The terms of agreement for the Maiden City Accord address six issues:

1. Communication

2. Timing of Parades/Events

3. Health and Safety

4. Dignified Parading

5. Behaviour

6. Briefings and Reviews

1.0 Communication

Communication structures are the responsibility of each Single Identity Group and are to be totally inclusive of all members of each respective group and other relevant organisations and/or individuals. Although these structures are internal to each group, communications between Single Identity Groups are to be subject to mutual agreement between the relevant parties.

1.2 Organisers are responsible for direct communications with all Single Identity Groups as well as other organisations (for example, the emergency services or statutory bodies) in respect of the parade route, specific timings, locations and transport arrangements.

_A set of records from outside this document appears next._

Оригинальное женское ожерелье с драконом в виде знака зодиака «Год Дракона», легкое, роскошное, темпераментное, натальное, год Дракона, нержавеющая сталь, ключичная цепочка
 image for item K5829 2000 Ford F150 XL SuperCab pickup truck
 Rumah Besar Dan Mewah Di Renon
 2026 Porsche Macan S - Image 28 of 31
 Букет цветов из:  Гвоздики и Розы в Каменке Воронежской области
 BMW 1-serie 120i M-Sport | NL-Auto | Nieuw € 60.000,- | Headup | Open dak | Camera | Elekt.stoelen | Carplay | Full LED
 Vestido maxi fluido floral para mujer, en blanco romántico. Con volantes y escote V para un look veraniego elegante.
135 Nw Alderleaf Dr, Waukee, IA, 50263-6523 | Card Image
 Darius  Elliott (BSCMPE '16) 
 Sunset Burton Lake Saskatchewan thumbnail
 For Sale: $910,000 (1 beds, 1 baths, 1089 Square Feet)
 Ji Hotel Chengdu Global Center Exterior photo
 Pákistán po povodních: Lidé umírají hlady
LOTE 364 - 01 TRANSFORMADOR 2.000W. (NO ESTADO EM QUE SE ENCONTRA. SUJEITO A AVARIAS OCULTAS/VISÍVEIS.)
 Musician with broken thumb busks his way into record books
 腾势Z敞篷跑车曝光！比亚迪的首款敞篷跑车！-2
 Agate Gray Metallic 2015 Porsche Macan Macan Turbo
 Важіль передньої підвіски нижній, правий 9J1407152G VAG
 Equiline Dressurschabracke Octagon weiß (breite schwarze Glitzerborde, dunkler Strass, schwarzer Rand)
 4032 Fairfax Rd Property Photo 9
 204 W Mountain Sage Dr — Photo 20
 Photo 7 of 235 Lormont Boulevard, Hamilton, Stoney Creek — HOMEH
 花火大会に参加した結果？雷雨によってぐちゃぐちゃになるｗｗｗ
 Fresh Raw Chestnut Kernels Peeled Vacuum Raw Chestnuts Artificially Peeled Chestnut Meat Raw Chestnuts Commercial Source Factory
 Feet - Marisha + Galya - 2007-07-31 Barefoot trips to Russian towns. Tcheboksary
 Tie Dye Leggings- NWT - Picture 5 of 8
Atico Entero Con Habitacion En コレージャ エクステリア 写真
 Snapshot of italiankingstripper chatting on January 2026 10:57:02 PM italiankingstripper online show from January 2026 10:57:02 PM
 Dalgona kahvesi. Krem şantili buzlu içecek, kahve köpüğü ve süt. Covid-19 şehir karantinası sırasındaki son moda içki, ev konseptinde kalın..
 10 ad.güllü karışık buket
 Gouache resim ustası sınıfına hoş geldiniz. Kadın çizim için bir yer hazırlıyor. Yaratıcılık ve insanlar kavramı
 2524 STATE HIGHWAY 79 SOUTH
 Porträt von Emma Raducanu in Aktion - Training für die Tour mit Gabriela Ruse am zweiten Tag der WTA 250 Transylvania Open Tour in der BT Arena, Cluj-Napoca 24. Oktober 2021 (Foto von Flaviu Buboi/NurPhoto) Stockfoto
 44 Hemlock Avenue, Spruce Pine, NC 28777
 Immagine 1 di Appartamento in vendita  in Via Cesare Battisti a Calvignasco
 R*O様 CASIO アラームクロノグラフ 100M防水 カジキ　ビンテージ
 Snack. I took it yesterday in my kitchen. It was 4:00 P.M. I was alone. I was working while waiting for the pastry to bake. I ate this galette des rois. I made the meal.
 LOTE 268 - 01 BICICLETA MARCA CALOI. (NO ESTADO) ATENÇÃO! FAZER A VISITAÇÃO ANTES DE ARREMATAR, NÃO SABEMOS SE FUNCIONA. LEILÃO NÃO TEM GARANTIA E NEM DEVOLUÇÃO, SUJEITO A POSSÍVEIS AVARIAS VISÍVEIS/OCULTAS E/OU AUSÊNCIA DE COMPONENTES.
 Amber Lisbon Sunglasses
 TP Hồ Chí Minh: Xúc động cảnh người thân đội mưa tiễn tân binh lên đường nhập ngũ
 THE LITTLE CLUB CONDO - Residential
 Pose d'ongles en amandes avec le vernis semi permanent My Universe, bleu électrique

1.3 Single Identity Groups will appoint a clearly identifiable senior member, in a prominent position, who will be solely responsible for managing the communication of instructions from the organisers or safety marshals to their group regarding gaps, halts, safety instructions or any other details to do with the spectacle and integrity of the parade.

1.4 All participants are to be made aware of the details of parades in which they are to participate, any specific determinations issued by the Parades Commission and any instructions issued by parade organisers in relation to circumstances en-route which are particularly relevant to specific parades. The responsibility for communicating this information lies initially with the parade organisers and subsequently with senior members of each Single Identity Group.

1.5 Requirements specific to marshals:

1.5.1 Marshals are required to communicate respectfully, clearly and effectively with participants, emergency services personnel and the general public.

1.5.2 Marshals will liaise with the local authorities and offer local knowledge and support to agencies from outside their local area of expertise.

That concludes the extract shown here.